Students For Clients
Storey certainly ruffles a few feathers when he speaks about his student client base.
”What I care about is the cashflow and I will do whatever it takes to keep my house full. So, then I need to find out what do the tenants actually want? What will they pay for? It’s a business decision and I treat it as a business.”
He’s discovered that along with proximity to the city centre and university his clients want large bedrooms with wardrobes, and a place that’s warm, dry, clean and quiet.
He’s spent $15,000 in recent years upgrading his six student flats to the new required level, but doesn’t begrudge the way some of his tenants treat the houses.
“They’re 18-25 year olds. It’s the first time they’re out of home. “That’s the age group – this is not a house that you and I would live in – they’re teenagers. [At that age] you have your parties, you get up at 10am and you’re up until 2am rushing through your assignment … that’s just the way they live.”
As such, Storey has seen it all – from clothes drying in rooms causing mould, to indoor marijuana crops, to a tenant erecting a forty-foot flag pole, to 23 holes punched through a single wall behind a couch.
But Storey says the market in Palmerston North has been changing due to falling student numbers.
“They are getting pickier and they can get pickier.”

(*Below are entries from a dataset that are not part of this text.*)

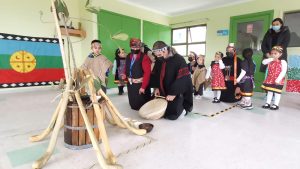 Lee más sobre el artículo Autoridades acompañan a Jardín Infantil “Trawün Antu” de Arauco en We tripantu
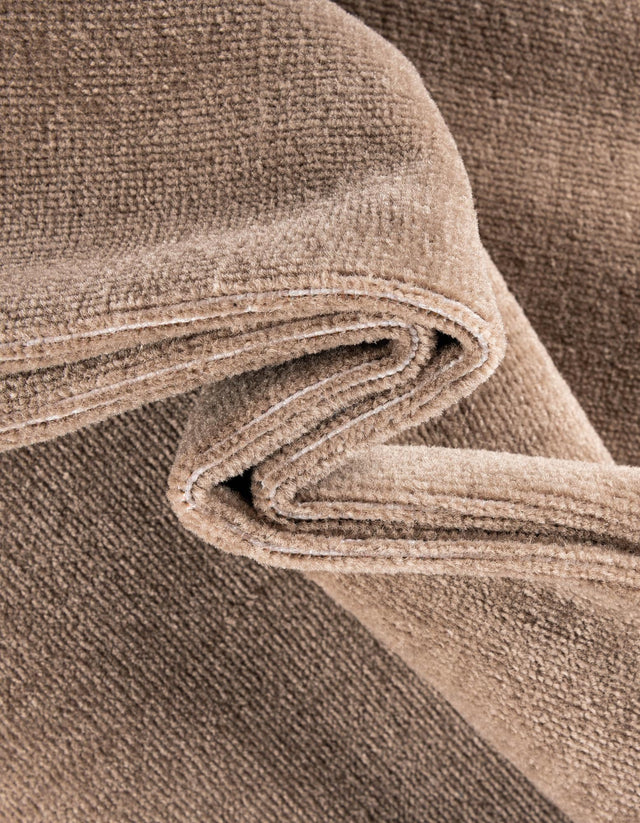 Light Brown 6' 1 x 9' Williamsburg Rectangle Area Rug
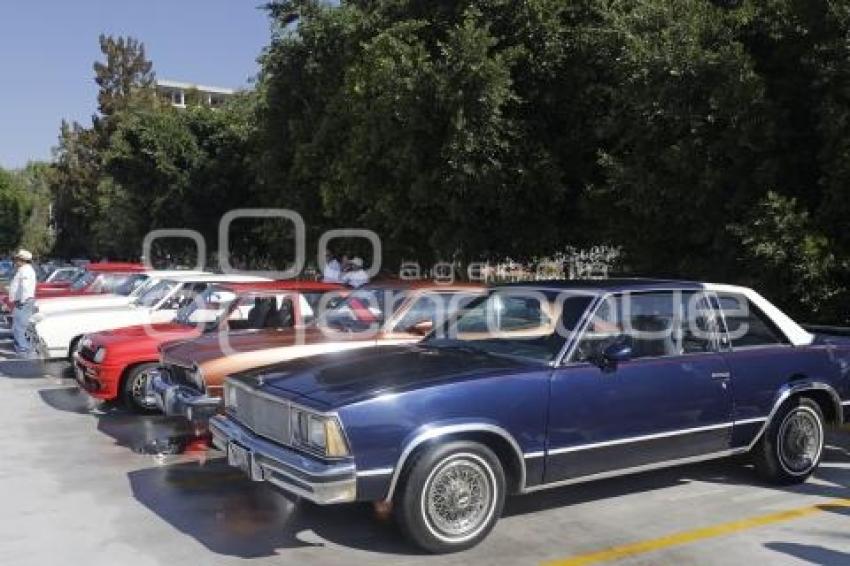 DÍA MUNDIAL AUTOS ANTIGUOS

He believes this will continue for another three years, but it will reverse in three years’ time and cause a “housing crisis for students” due to the higher numbers now coming through.

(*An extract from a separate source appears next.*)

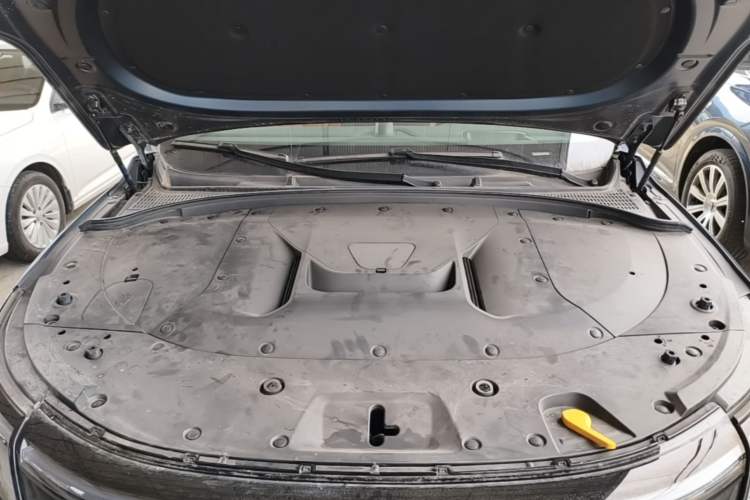 Used Hima AITO M7 2024 1.5T Rear-Drive Plus Version 5 Seats Engine Bay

Storey has four daughters, and currently his eldest is attending Massey and flatting in one of his houses, giving him amusing glimpses into student life – such as when his daughter’s slippers got stuck to the sticky bathroom floor.

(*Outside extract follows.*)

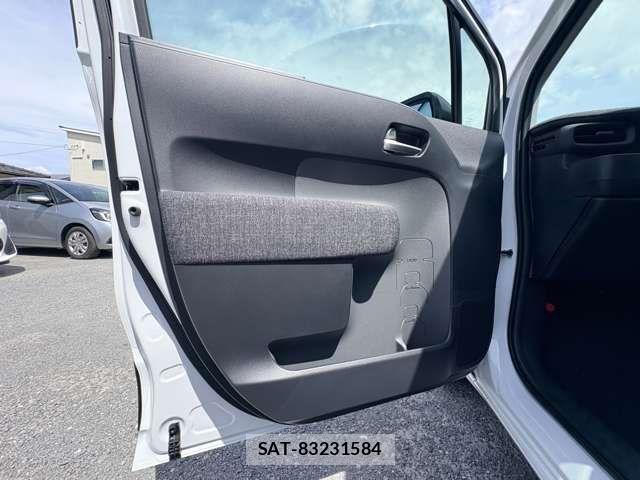 Toyota SIENTA 2026-08 8368705-26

On the work front he’s currently involved in creating an interest rate calculator using an algorithm that is based on population data.
Property investment-wise he and his family are consolidating, collecting rent and watching the market.
He believes Palmerston North is a seller’s market because there’s been 400 new jobs created in the city, which has created demand for 600 houses.
“House prices are in the process of doubling. They’re already up 60%, there’s another 40% to go.”
However, he has made one significant change to his investment business: he now uses property managers.
As a result of pushing himself beyond his limits in the past he no longer deals with all those late night plumbing issues, or police call-outs to parties – or Tenancy Tribunal hearings.